- Exercise requirements -
What you return should match every entry, character for character.

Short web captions
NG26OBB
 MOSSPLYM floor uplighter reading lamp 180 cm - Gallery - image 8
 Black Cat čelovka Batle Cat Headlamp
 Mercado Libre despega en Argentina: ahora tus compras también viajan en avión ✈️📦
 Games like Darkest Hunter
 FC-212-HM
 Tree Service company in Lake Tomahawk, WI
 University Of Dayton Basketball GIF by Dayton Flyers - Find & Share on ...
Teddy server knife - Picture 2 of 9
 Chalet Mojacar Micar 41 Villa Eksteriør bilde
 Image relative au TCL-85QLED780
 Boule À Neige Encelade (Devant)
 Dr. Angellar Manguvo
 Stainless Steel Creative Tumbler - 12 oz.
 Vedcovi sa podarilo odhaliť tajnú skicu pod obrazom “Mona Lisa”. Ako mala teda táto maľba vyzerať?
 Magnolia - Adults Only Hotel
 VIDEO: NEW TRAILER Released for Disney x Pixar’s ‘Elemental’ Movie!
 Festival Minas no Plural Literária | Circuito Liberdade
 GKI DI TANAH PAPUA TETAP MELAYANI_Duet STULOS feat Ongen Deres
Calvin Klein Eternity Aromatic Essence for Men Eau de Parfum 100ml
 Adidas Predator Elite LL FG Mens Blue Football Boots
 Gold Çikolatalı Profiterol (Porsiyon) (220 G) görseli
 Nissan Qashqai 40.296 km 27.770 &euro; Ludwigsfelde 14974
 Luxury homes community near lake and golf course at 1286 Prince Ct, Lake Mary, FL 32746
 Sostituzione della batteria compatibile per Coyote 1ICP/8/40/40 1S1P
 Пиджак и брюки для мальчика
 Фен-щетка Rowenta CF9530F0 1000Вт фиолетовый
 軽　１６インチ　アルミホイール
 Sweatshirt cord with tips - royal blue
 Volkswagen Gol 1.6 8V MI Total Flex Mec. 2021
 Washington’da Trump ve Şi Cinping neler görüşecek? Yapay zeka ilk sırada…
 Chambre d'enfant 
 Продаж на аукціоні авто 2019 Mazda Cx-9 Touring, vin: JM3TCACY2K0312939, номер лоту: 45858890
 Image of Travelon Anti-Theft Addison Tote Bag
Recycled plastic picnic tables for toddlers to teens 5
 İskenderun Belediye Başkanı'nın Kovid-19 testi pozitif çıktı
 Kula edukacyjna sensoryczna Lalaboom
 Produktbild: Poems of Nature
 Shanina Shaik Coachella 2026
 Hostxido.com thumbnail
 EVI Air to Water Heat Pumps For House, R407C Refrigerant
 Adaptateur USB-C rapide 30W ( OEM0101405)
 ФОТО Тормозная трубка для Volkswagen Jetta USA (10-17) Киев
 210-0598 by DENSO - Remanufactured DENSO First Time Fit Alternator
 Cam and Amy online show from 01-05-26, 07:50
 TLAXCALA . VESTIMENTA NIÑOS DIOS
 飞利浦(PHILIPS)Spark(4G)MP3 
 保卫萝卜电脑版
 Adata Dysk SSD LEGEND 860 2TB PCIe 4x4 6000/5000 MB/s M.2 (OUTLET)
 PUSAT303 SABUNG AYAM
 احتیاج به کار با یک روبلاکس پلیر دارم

- Task response -
NG26OBB
 MOSSPLYM floor uplighter reading lamp 180 cm - Gallery - image 8
 Black Cat čelovka Batle Cat Headlamp
 Mercado Libre despega en Argentina: ahora tus compras también viajan en avión ✈️📦
 Games like Darkest Hunter
 FC-212-HM
 Tree Service company in Lake Tomahawk, WI
 University Of Dayton Basketball GIF by Dayton Flyers - Find & Share on ...
Teddy server knife - Picture 2 of 9
 Chalet Mojacar Micar 41 Villa Eksteriør bilde
 Image relative au TCL-85QLED780
 Boule À Neige Encelade (Devant)
 Dr. Angellar Manguvo
 Stainless Steel Creative Tumbler - 12 oz.
 Vedcovi sa podarilo odhaliť tajnú skicu pod obrazom “Mona Lisa”. Ako mala teda táto maľba vyzerať?
 Magnolia - Adults Only Hotel
 VIDEO: NEW TRAILER Released for Disney x Pixar’s ‘Elemental’ Movie!
 Festival Minas no Plural Literária | Circuito Liberdade
 GKI DI TANAH PAPUA TETAP MELAYANI_Duet STULOS feat Ongen Deres
Calvin Klein Eternity Aromatic Essence for Men Eau de Parfum 100ml
 Adidas Predator Elite LL FG Mens Blue Football Boots
 Gold Çikolatalı Profiterol (Porsiyon) (220 G) görseli
 Nissan Qashqai 40.296 km 27.770 &euro; Ludwigsfelde 14974
 Luxury homes community near lake and golf course at 1286 Prince Ct, Lake Mary, FL 32746
 Sostituzione della batteria compatibile per Coyote 1ICP/8/40/40 1S1P
 Пиджак и брюки для мальчика
 Фен-щетка Rowenta CF9530F0 1000Вт фиолетовый
 軽　１６インチ　アルミホイール
 Sweatshirt cord with tips - royal blue
 Volkswagen Gol 1.6 8V MI Total Flex Mec. 2021
 Washington’da Trump ve Şi Cinping neler görüşecek? Yapay zeka ilk sırada…
 Chambre d'enfant 
 Продаж на аукціоні авто 2019 Mazda Cx-9 Touring, vin: JM3TCACY2K0312939, номер лоту: 45858890
 Image of Travelon Anti-Theft Addison Tote Bag
Recycled plastic picnic tables for toddlers to teens 5
 İskenderun Belediye Başkanı'nın Kovid-19 testi pozitif çıktı
 Kula edukacyjna sensoryczna Lalaboom
 Produktbild: Poems of Nature
 Shanina Shaik Coachella 2026
 Hostxido.com thumbnail
 EVI Air to Water Heat Pumps For House, R407C Refrigerant
 Adaptateur USB-C rapide 30W ( OEM0101405)
 ФОТО Тормозная трубка для Volkswagen Jetta USA (10-17) Киев
 210-0598 by DENSO - Remanufactured DENSO First Time Fit Alternator
 Cam and Amy online show from 01-05-26, 07:50
 TLAXCALA . VESTIMENTA NIÑOS DIOS
 飞利浦(PHILIPS)Spark(4G)MP3 
 保卫萝卜电脑版
 Adata Dysk SSD LEGEND 860 2TB PCIe 4x4 6000/5000 MB/s M.2 (OUTLET)
 PUSAT303 SABUNG AYAM
 احتیاج به کار با یک روبلاکس پلیر دارم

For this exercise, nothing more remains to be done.